This page is an archive.

Fellows

Schedule

Papers and other requirements

Position papers

You will write a response to the readings every week (well, you may skip just one). These are informal "position papers." They are to be between 400 and 500 words in length and must be sent to the Fellows listserv any time before 6 AM on the Monday morning of the week's class. Four of these papers will be evaluated closely--at least one each on Banks, Hejinian and McPherson. Each week, bring a printed copy of your position paper to class. At the end of class you can decide if the paper you hold in your hands is one of the four you will turn in for evaluation.

Listserv responses

Each week you will be responding to one of the position papers sent to the listserv by your fellow Fellows seminarians. Send your response before noon. Your response should be sent to the listserv and should make a rejoinder to one point in one paper. These responses should be one short paragraph in length, about 100 words. Be sure, please, to make it clear which point in which person's position paper is the one to which your response is responding.

Projects

A special project will be randomly assigned to you. These, too, should be sent to the listserv--any time before 6 AM on the date indicate on the projects list above. Length: whatever is appropriate for fulfilling the purpose of the project but no less than 750 words. These need not be fancy or high-toned, but, rather, straightforward and lucid and, if apt, organized into short titled sections to make for easy reading. If you are not assigned a project, see Al asap so that we can devise one.

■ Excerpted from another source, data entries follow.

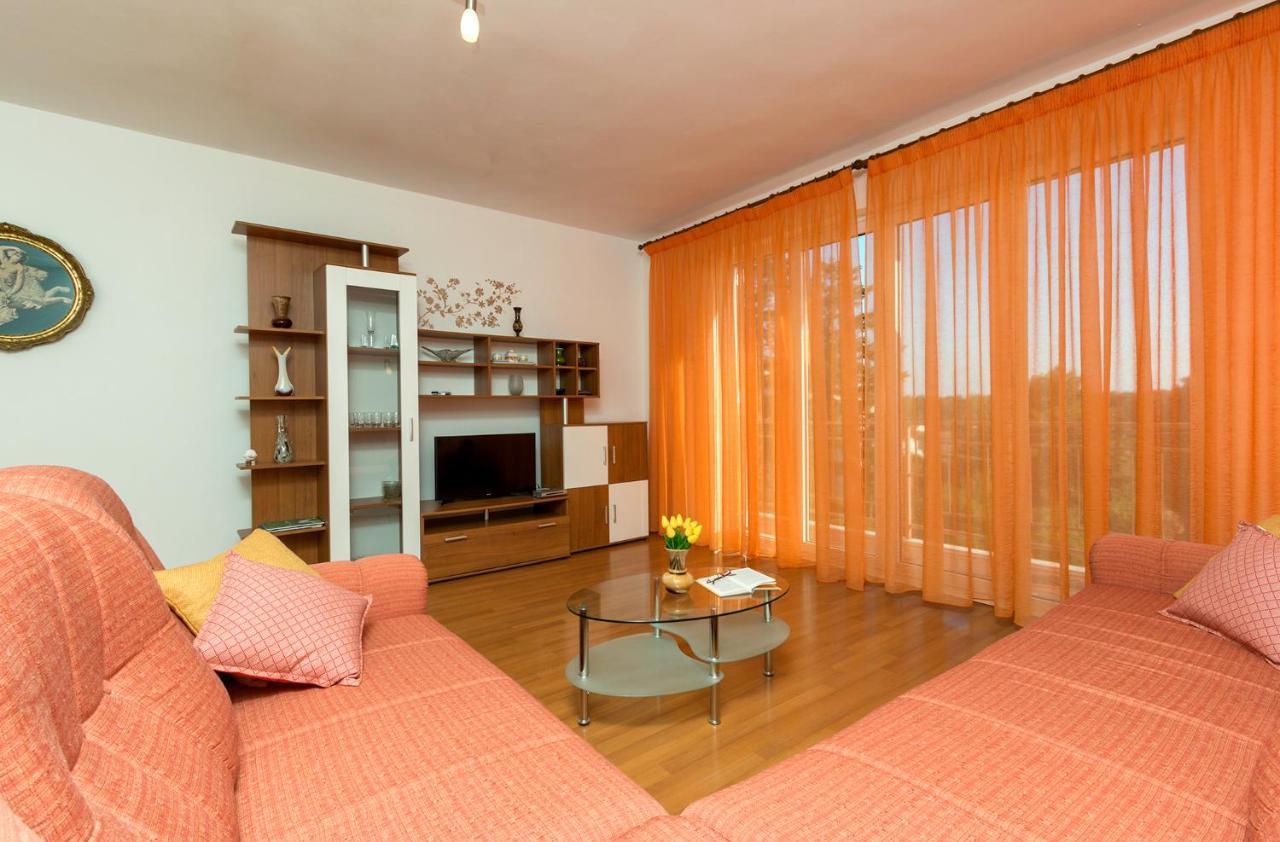 Apartment Rubina With Secure Parking 梅杜林 外观 照片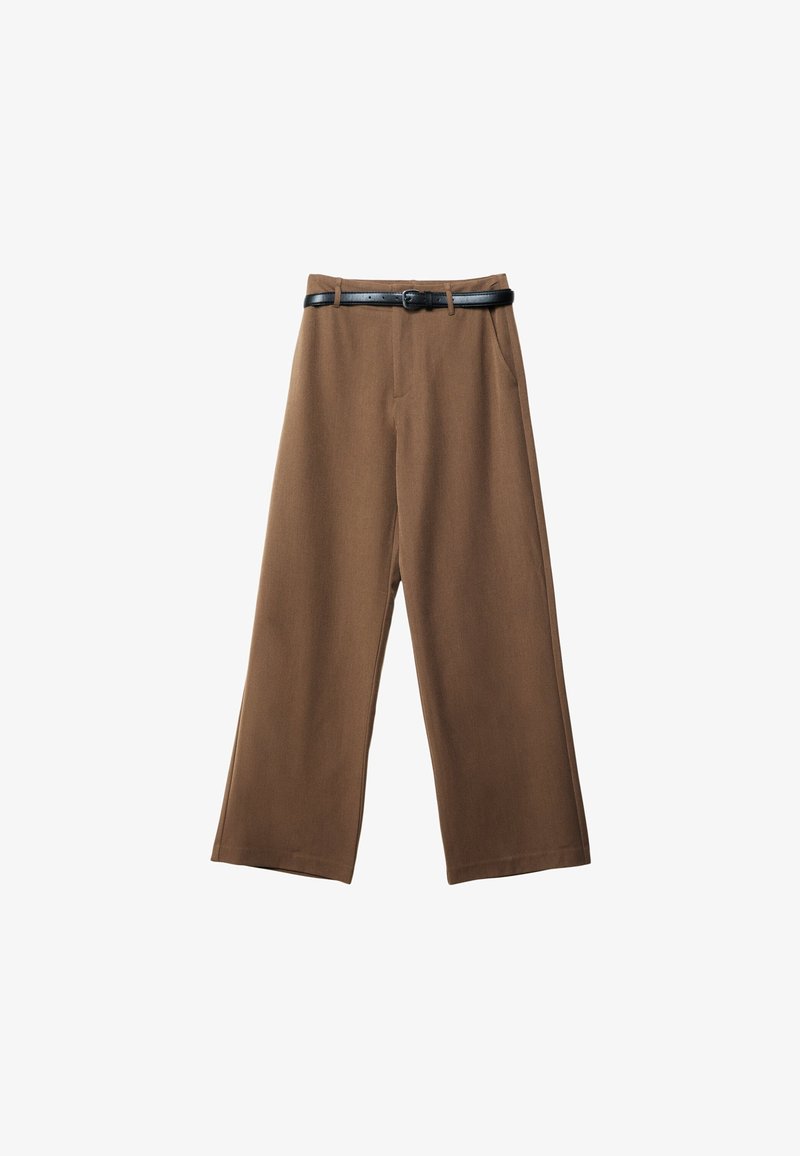 Rjavi široki hlače z gladko teksturo, ki imajo črn pas, dva sprednja žepa in prilagojen dizajn.
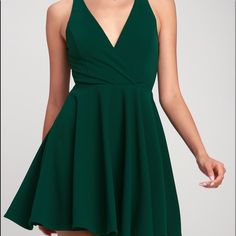 Size M Never Worn Simple Homecoming Dresses, Green Homecoming Dresses, Ponte Knit Dress, Black Homecoming Dress, Dark Green Dress, Stretch Knit Dress, Different Dresses, Grad Dresses, Hoco Dresses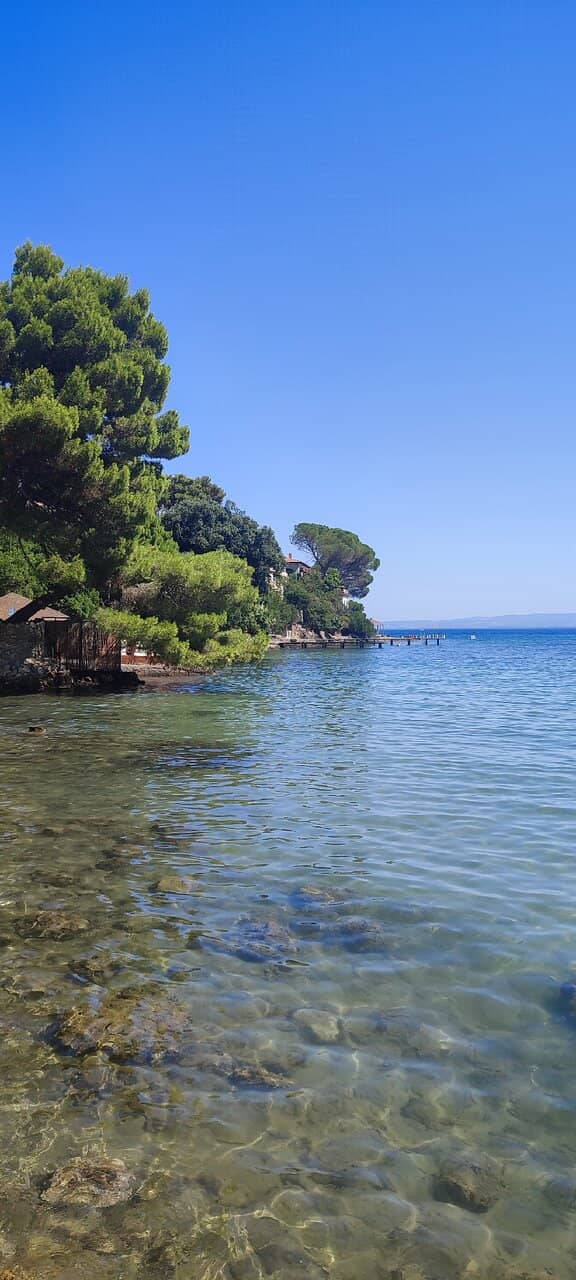 Rocky Shoreline Charm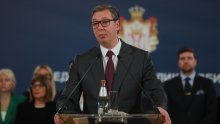 Vučić: Iznenađen sam popularnošću u Hrvatskoj, nosim im klikove
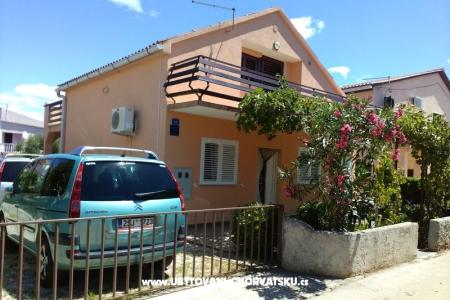 Apartamenty Cestar wyspa Vir Chorwacja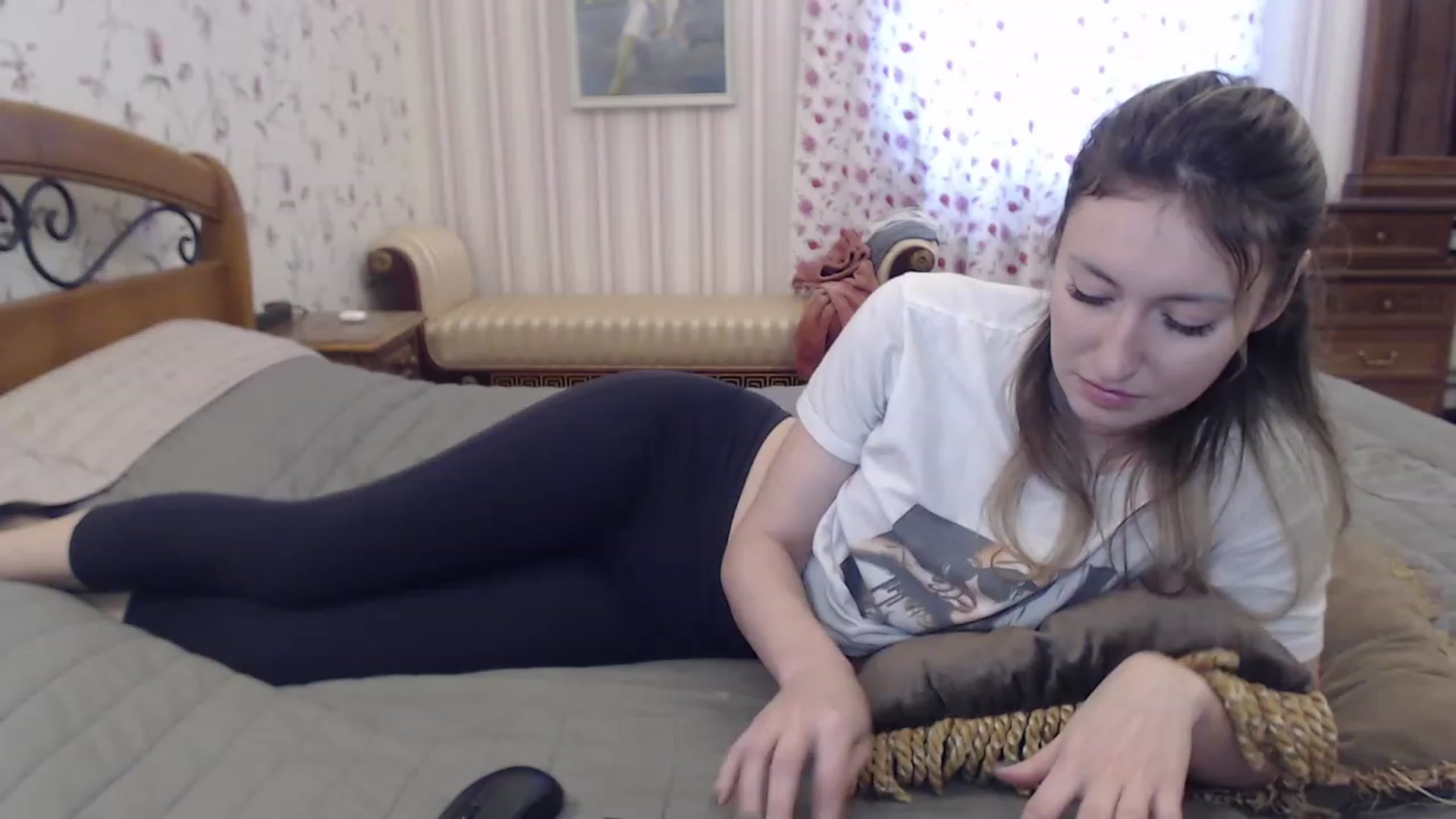 Gallery image thumbnail from Veronica_4u's myfreecams stream on, 01/22/2023, 07:22 image 10 of 20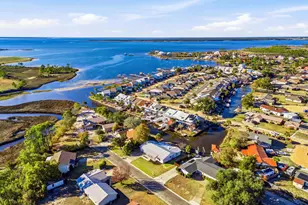 1218 Tuscany Rd, Panama City, FL 32405 - Photo 3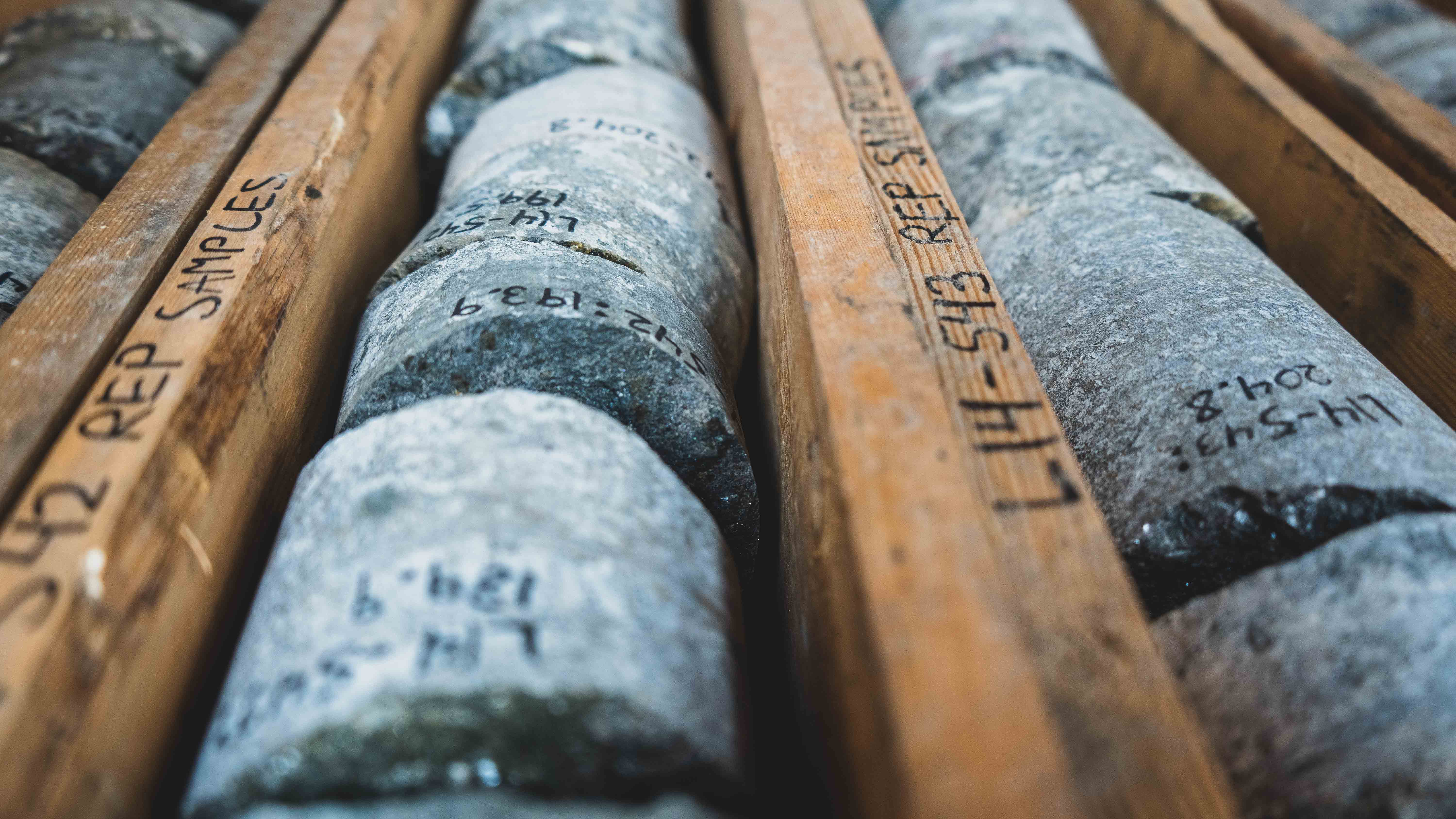 Core samples from the Nechalacho site. Sarah Pruys/Cabin Radio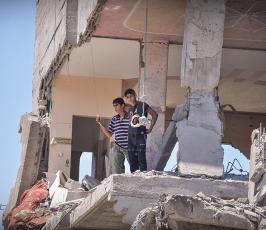 صور الدمار الذي لحق بحي الشعف شرق مدينة غزة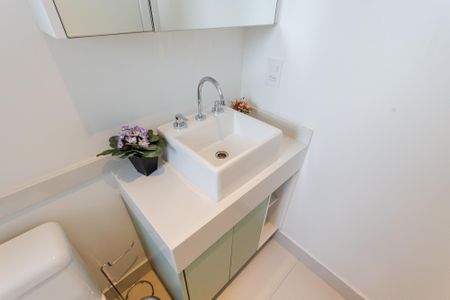 Apartamento à venda com 78m², 2 quartos e 2 vagas Apartamento à venda com 78m², 2 quartos e 2 vagasPia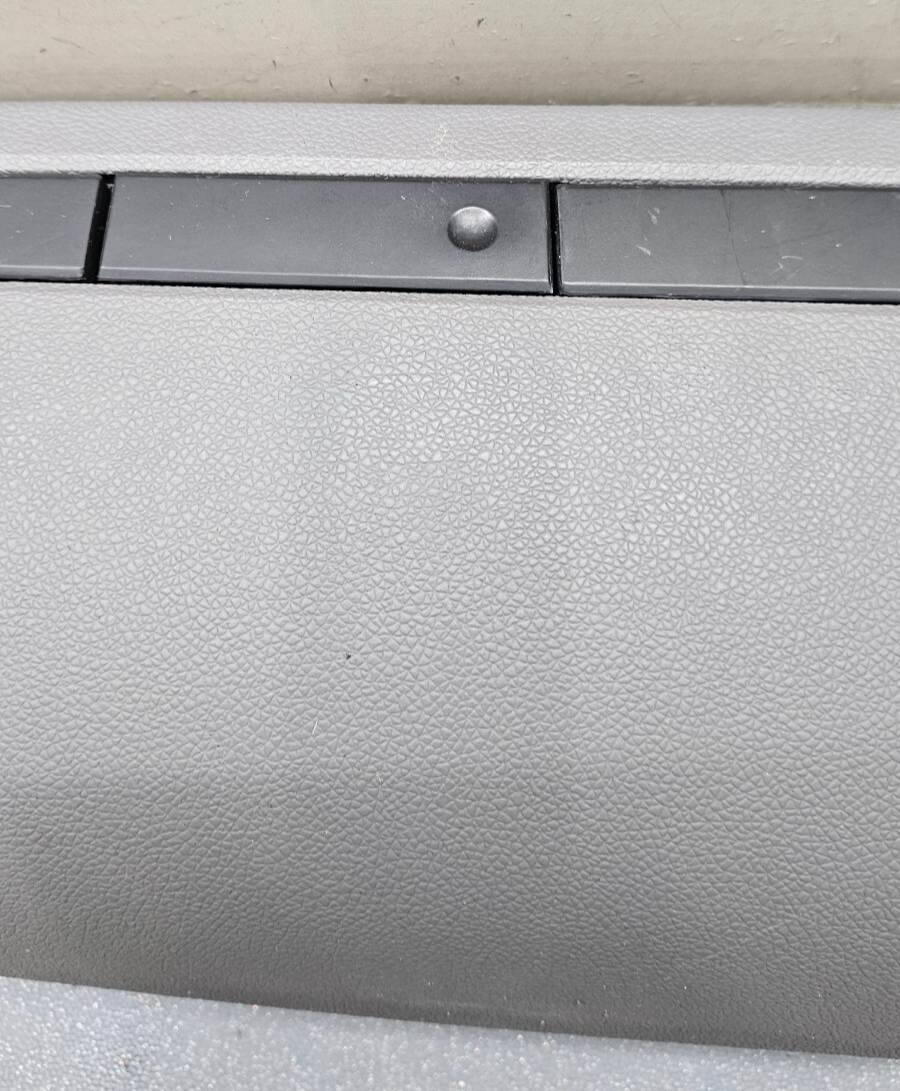 🔥07-13 Silverado SIERRA Dash UPPER GLOVE BOX Storage Compartment Door Gray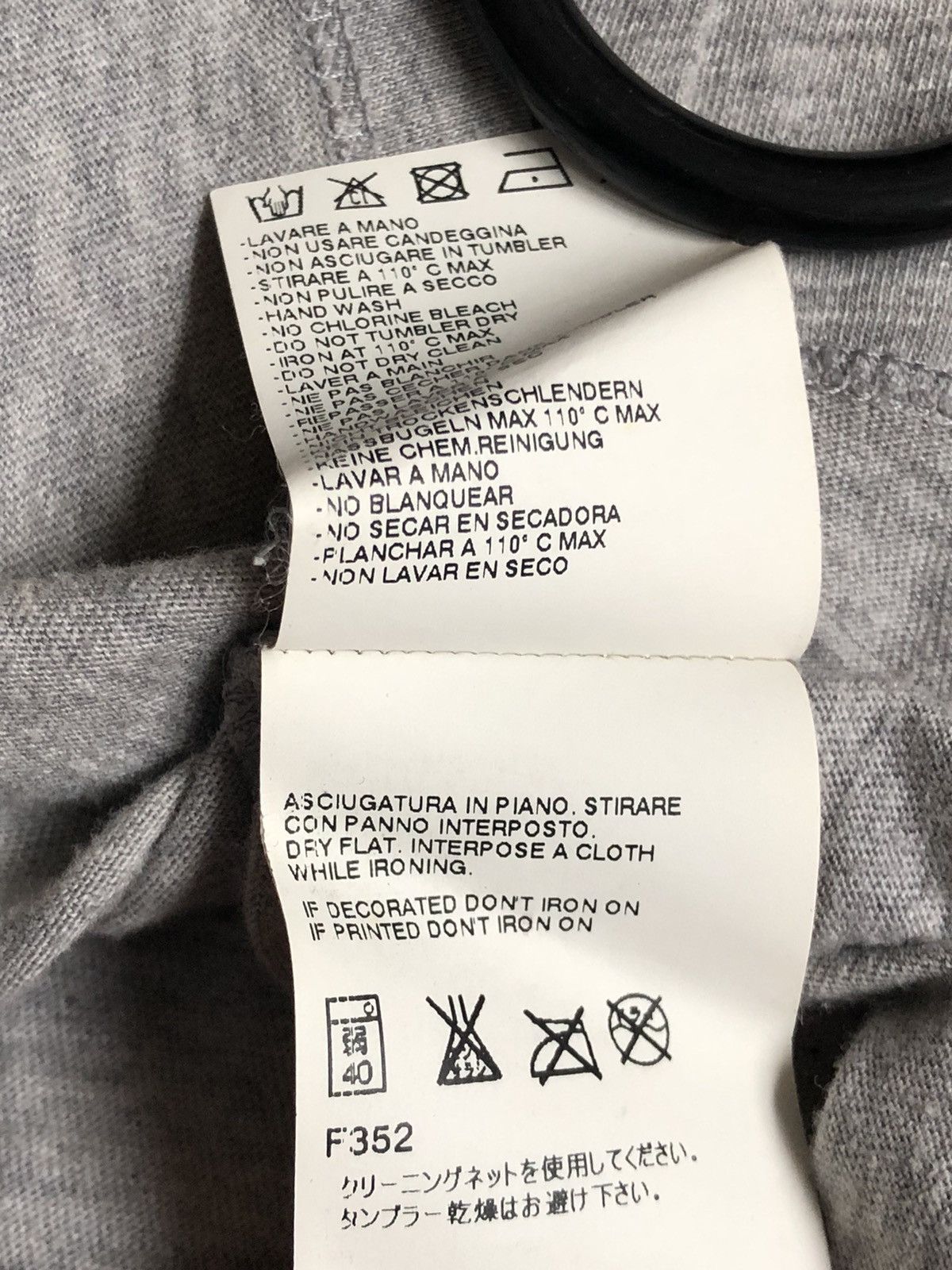Maison Margiela Maison Margiela Artisanal Hybrid Split T-Shirt Size US S / EU 44-46 / 1 - 7 Thumbnail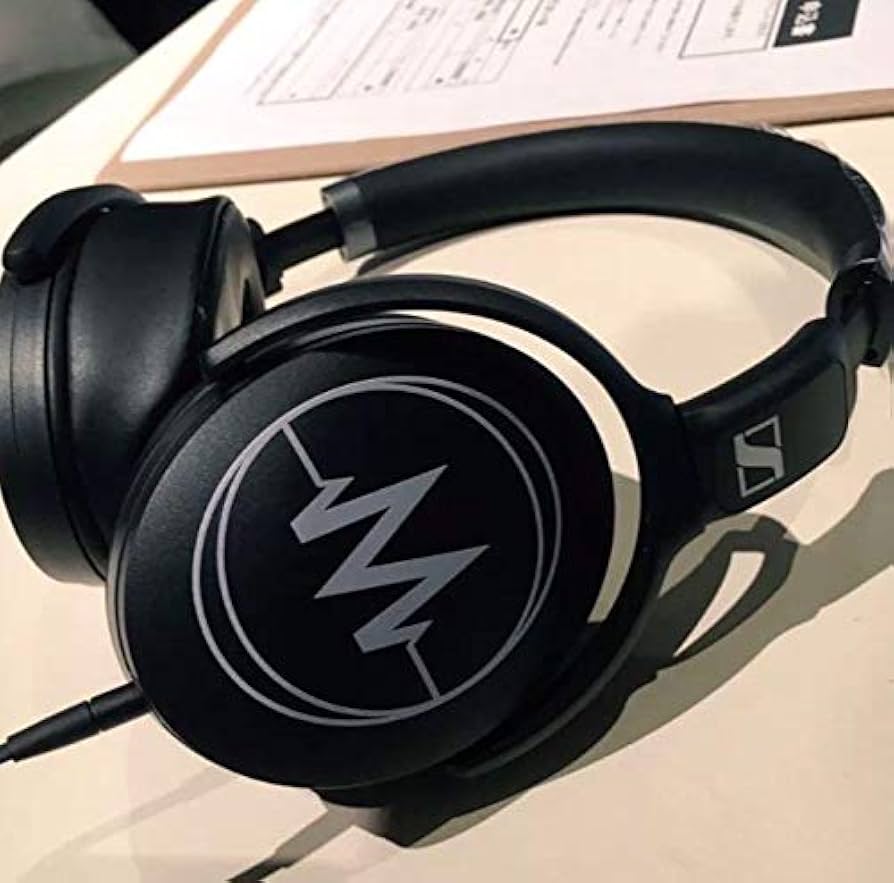 茅原実里 直筆サイン入り オリジナルヘッドホン 【公式通販】 茅原実里 直筆サイン入り オリジナルヘッドホン 【公式通販】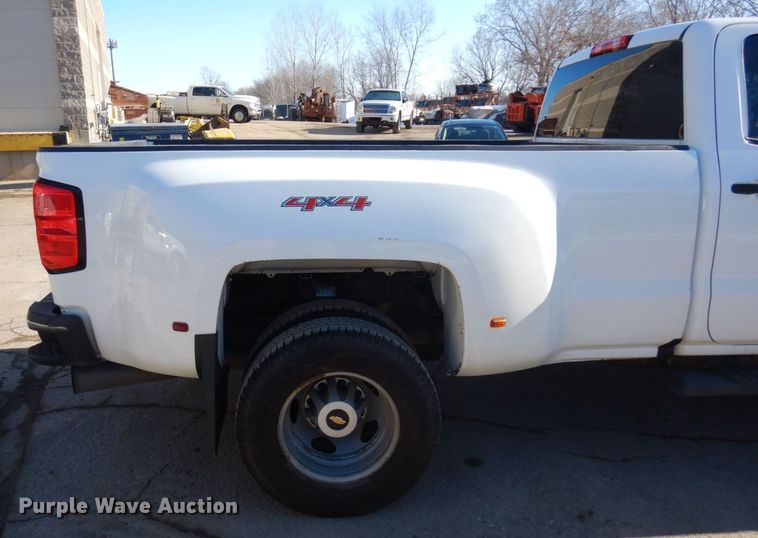 image for item KU9746 2016 Chevrolet Silverado 3500HD  Crew Cab pickup truck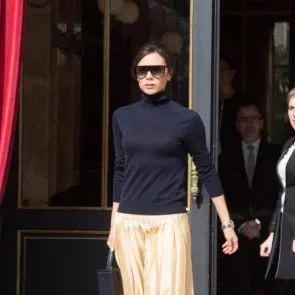 04-ビクトリア-ベッカム-乳首-セクシー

Obligations during Fellows' visits

As an absolutely vital part of the Fellows seminar, you will be called upon to volunteer during the two-day visits of the Fellows. Fulfilling this (mostly pleasurable) function is as much a requirement as the others listed here. If Blake Martin has not asked you to take on a role during the visits, be sure to ask him what you can do to help.

Final exam

There will be a wildly comprehensive, personalized final exam. It will be sent to you by email, to be written at your convenience ("take home") any time during the exam period.

Projects

  1. February 2: Watch all the films made of Russell Banks' novels and report on them for us. Is the pattern to the way Banks' writing (his language) does or doesn't translate well to the visual medium?
  2. February 9: Read Banks' Continental Drift and write to us about the book, especially in the context of the social and psychological settings of the other novels by Banks we're reading.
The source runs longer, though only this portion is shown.